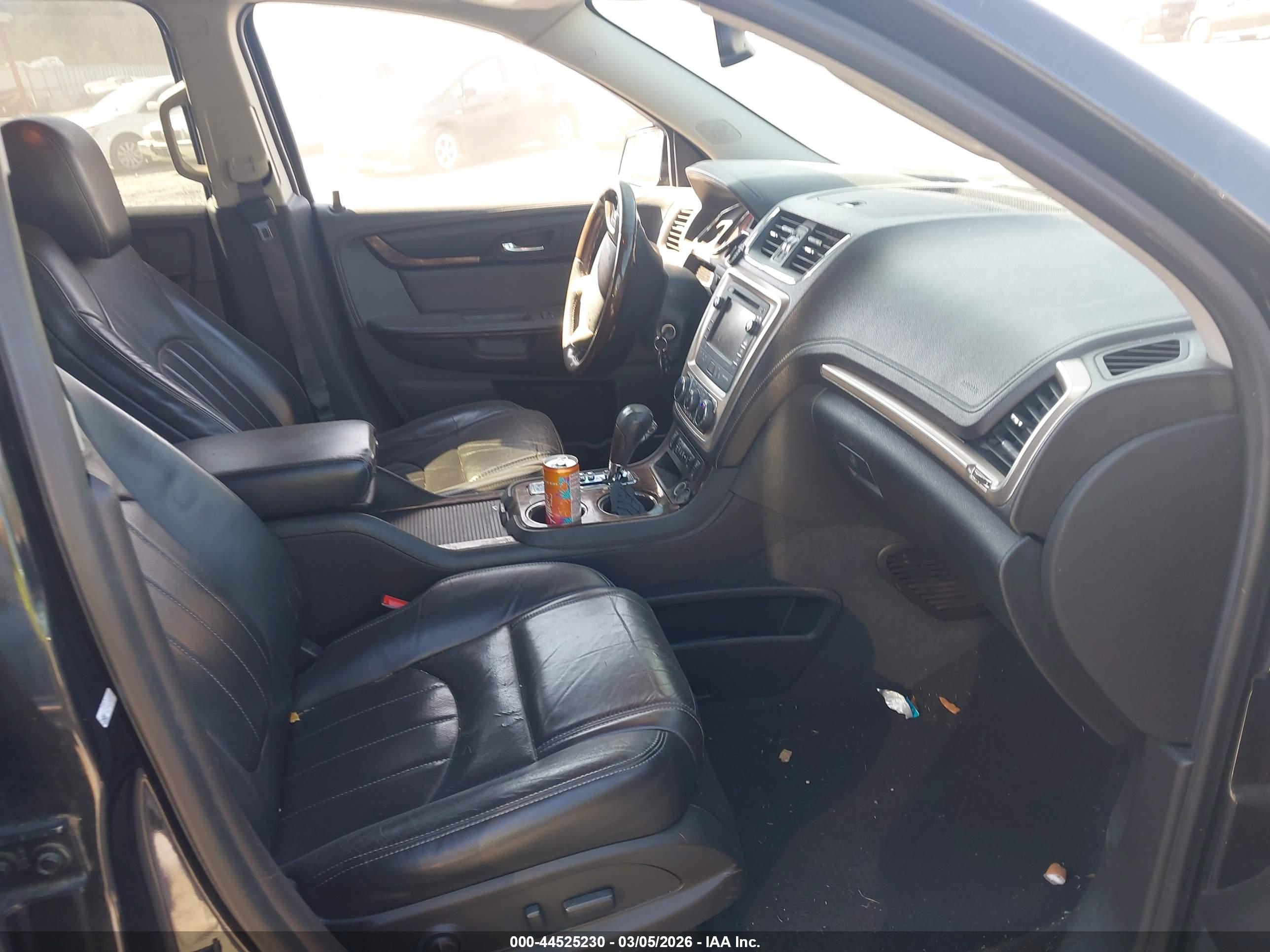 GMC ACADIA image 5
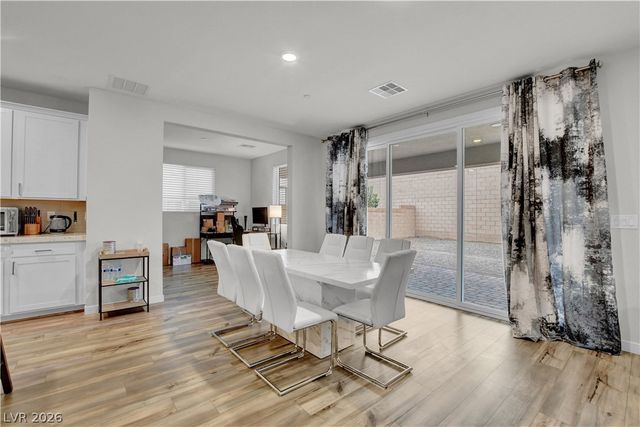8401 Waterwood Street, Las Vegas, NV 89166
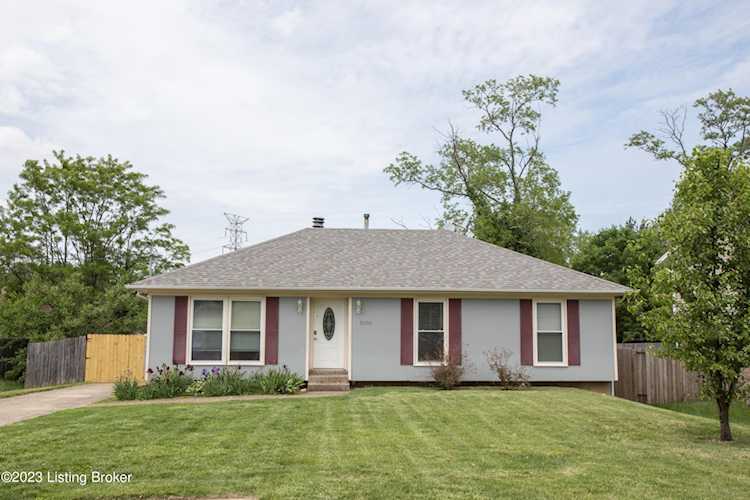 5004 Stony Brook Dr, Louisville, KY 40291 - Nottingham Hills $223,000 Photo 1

*Your goal*
Reproduce the lines above exactly, image-free.

*Solution*
 GMC ACADIA image 5
8401 Waterwood Street, Las Vegas, NV 89166
 5004 Stony Brook Dr, Louisville, KY 40291 - Nottingham Hills $223,000 Photo 1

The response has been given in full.